The cracks in Poppy’s dream life are also seen in her relationships with a series of men whose primary virtue is being non-Linfield types. She uses her relationships with Julian, Guillermo, and Trey as means of escaping herself and delaying entering a committed relationship with Alex—the man who knows her and cares for her. This is a self-protective measure on Poppy’s part, as she struggles with self-acceptance and believes her true self would drive someone away. Instead, she only shows a carefully curated part of herself to the men she dates in New York: the charming, bohemian world traveler with few emotional needs. The survival of Poppy’s relationships depends on her not having needs, which is why she is terrified at the thought of being pregnant with Trey’s child on the Tuscany holiday. When Alex asks her what she wants, she is unsure of how an unplanned pregnancy would fit into her plan and imagines it would destroy everything she built in New York. She imagines falling back on Alex, who would always be there for her and moving into an apartment in Indiana next to him and Sarah. When the pregnancy test comes back negative, Poppy cries and is “not sure if it’s relief or something more complicated than that” (283). Arguably, the more complicated part of Poppy’s feeling is that she realizes she has needs for stability and the possibility of having children without feeling it would scare away her partner. Here, Poppy’s instinct tells her that part of her is seeking a more grounded life—even if she has not figured out the details.
While Poppy thinks she has found something real with Alex on the Palm Springs vacation, he insists she must figure out how to make their love work before she returns to him. Alex, who is offended when Poppy confesses that she planned her trip because she was unhappy with her routine, says “I’m not a vacation from your real life […] I’m not a novelty experience. I’m someone who’s been in love with you for a decade, and you should have never kissed me if you didn’t know you wanted this, all the way” (315). While Poppy thinks she does want the “this” Alex mentions, “part of me has no idea what that means” (315), as she is unsure of whether the practical details of what she wants for her future are the same as Alex’s. When Alex will not allow her to escape into him, Poppy has to face up to herself and discover what she really wants.

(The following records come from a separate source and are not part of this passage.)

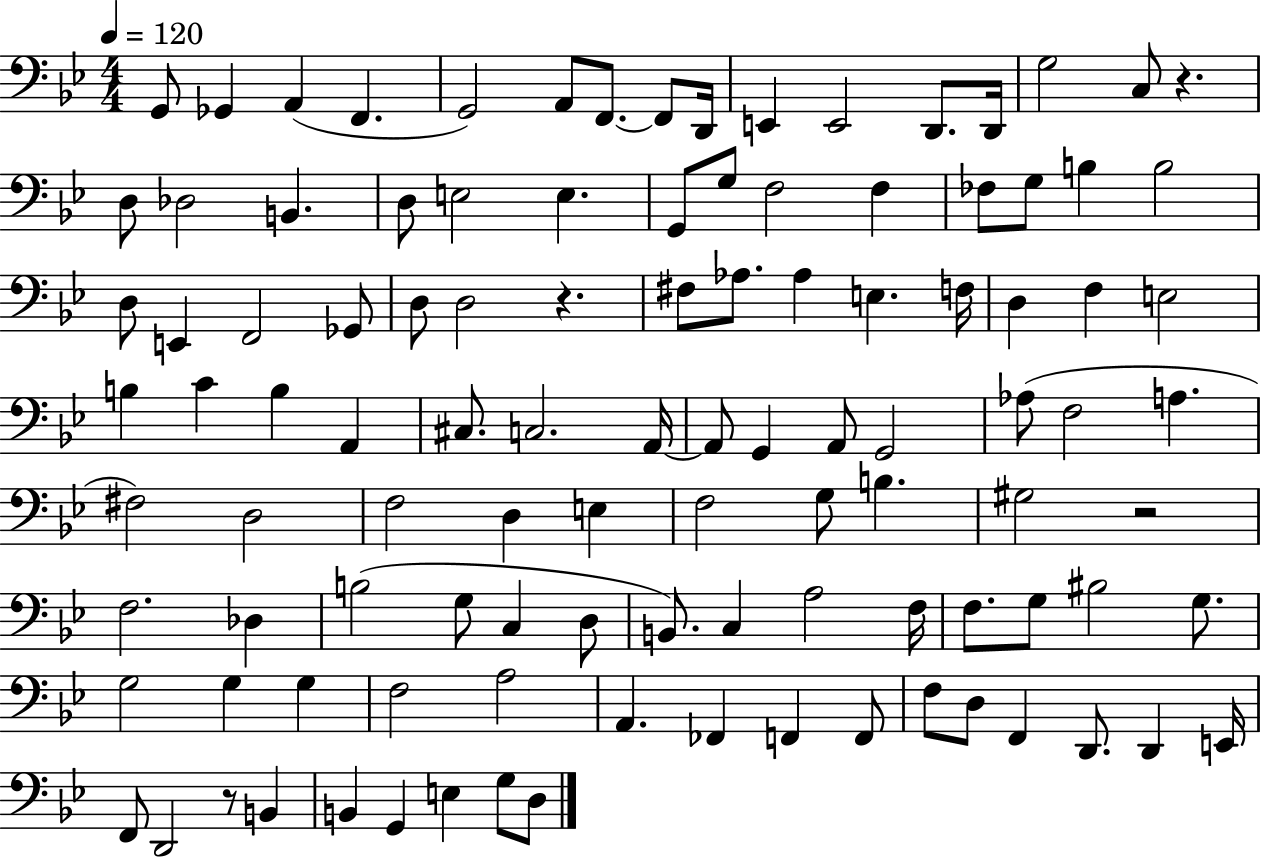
X:1
T:Untitled
M:4/4
L:1/4
K:Bb
G,,/2 _G,, A,, F,, G,,2 A,,/2 F,,/2 F,,/2 D,,/4 E,, E,,2 D,,/2 D,,/4 G,2 C,/2 z D,/2 _D,2 B,, D,/2 E,2 E, G,,/2 G,/2 F,2 F, _F,/2 G,/2 B, B,2 D,/2 E,, F,,2 _G,,/2 D,/2 D,2 z ^F,/2 _A,/2 _A, E, F,/4 D, F, E,2 B, C B, A,, ^C,/2 C,2 A,,/4 A,,/2 G,, A,,/2 G,,2 _A,/2 F,2 A, ^F,2 D,2 F,2 D, E, F,2 G,/2 B, ^G,2 z2 F,2 _D, B,2 G,/2 C, D,/2 B,,/2 C, A,2 F,/4 F,/2 G,/2 ^B,2 G,/2 G,2 G, G, F,2 A,2 A,, _F,, F,, F,,/2 F,/2 D,/2 F,, D,,/2 D,, E,,/4 F,,/2 D,,2 z/2 B,, B,, G,, E, G,/2 D,/2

When Poppy returns to New York, she replaces dreaming with being grounded, and even in her job, replaces flying to faraway destinations with weekend stayaways in local areas. She stops running away from her problems, by starting therapy and sitting with the discomfort. A chance encounter with Jason Stanley forces her to pick up the self she left behind in Linfield and see the whole truth of what she was escaping. When she accepts her truth, she figures out she no longer wants or needs to run away from her Linfield self.
In this place of stillness, Poppy becomes clear about her needs, in both her career and home life. She knows she wants to make a home with Alex—potentially in Linfield—and that the more authentic and up-to-date version of her writing lies in discovering new things about her home city rather than luxuriating in far-flung, expensive vacations. She finds that a more stable life with Alex, where whimsical adventures are infrequent treats rather than the norm, suits her better.